What the task requires. When you reach the line containing "bet595. com" in the entries below, begin reproducing lines exactly, and stop once the line containing "New 2024 Ram" is done.

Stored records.
^^^^

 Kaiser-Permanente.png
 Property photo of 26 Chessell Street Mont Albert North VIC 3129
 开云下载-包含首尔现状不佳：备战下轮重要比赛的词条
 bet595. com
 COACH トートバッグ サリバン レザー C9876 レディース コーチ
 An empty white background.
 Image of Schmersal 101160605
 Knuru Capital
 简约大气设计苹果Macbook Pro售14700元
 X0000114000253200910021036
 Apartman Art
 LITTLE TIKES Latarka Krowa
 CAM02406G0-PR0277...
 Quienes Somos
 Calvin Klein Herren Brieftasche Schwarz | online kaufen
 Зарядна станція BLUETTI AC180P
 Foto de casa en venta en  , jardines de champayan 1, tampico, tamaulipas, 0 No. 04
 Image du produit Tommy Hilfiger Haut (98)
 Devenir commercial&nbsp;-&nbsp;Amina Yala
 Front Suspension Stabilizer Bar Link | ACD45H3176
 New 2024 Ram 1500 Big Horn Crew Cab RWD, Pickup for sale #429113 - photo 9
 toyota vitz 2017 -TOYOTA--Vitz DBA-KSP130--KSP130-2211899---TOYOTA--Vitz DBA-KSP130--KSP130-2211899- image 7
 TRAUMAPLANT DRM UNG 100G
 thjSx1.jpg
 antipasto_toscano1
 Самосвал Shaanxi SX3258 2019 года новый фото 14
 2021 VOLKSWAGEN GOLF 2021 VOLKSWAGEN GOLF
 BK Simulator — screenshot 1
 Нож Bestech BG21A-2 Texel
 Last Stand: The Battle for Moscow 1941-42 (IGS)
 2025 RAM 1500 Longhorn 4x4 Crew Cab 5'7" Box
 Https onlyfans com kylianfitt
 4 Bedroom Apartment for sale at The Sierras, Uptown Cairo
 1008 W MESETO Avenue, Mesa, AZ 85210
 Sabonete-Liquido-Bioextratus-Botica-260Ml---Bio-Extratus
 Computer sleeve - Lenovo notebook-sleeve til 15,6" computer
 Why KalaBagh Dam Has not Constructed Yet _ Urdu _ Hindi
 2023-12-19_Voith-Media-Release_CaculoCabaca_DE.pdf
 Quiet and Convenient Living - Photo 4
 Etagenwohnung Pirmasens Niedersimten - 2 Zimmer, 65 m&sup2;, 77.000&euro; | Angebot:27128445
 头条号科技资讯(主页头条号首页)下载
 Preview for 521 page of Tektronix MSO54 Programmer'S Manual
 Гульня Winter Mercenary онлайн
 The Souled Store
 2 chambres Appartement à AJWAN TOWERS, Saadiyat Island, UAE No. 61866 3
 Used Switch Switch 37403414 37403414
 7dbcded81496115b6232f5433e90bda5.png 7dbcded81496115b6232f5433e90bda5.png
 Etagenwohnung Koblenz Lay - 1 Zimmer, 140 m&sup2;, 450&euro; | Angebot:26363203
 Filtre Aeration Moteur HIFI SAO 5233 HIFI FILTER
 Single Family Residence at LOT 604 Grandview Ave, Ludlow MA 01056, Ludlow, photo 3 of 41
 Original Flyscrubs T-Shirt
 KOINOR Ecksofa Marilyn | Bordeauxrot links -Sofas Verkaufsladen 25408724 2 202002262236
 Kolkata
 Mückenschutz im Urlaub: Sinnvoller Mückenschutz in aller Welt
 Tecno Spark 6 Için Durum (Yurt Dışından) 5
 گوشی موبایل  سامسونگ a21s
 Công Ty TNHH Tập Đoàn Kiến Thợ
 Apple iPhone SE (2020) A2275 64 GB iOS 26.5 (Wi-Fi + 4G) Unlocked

^^^^

Response to the task.
 bet595. com
 COACH トートバッグ サリバン レザー C9876 レディース コーチ
 An empty white background.
 Image of Schmersal 101160605
 Knuru Capital
 简约大气设计苹果Macbook Pro售14700元
 X0000114000253200910021036
 Apartman Art
 LITTLE TIKES Latarka Krowa
 CAM02406G0-PR0277...
 Quienes Somos
 Calvin Klein Herren Brieftasche Schwarz | online kaufen
 Зарядна станція BLUETTI AC180P
 Foto de casa en venta en  , jardines de champayan 1, tampico, tamaulipas, 0 No. 04
 Image du produit Tommy Hilfiger Haut (98)
 Devenir commercial&nbsp;-&nbsp;Amina Yala
 Front Suspension Stabilizer Bar Link | ACD45H3176
 New 2024 Ram 1500 Big Horn Crew Cab RWD, Pickup for sale #429113 - photo 9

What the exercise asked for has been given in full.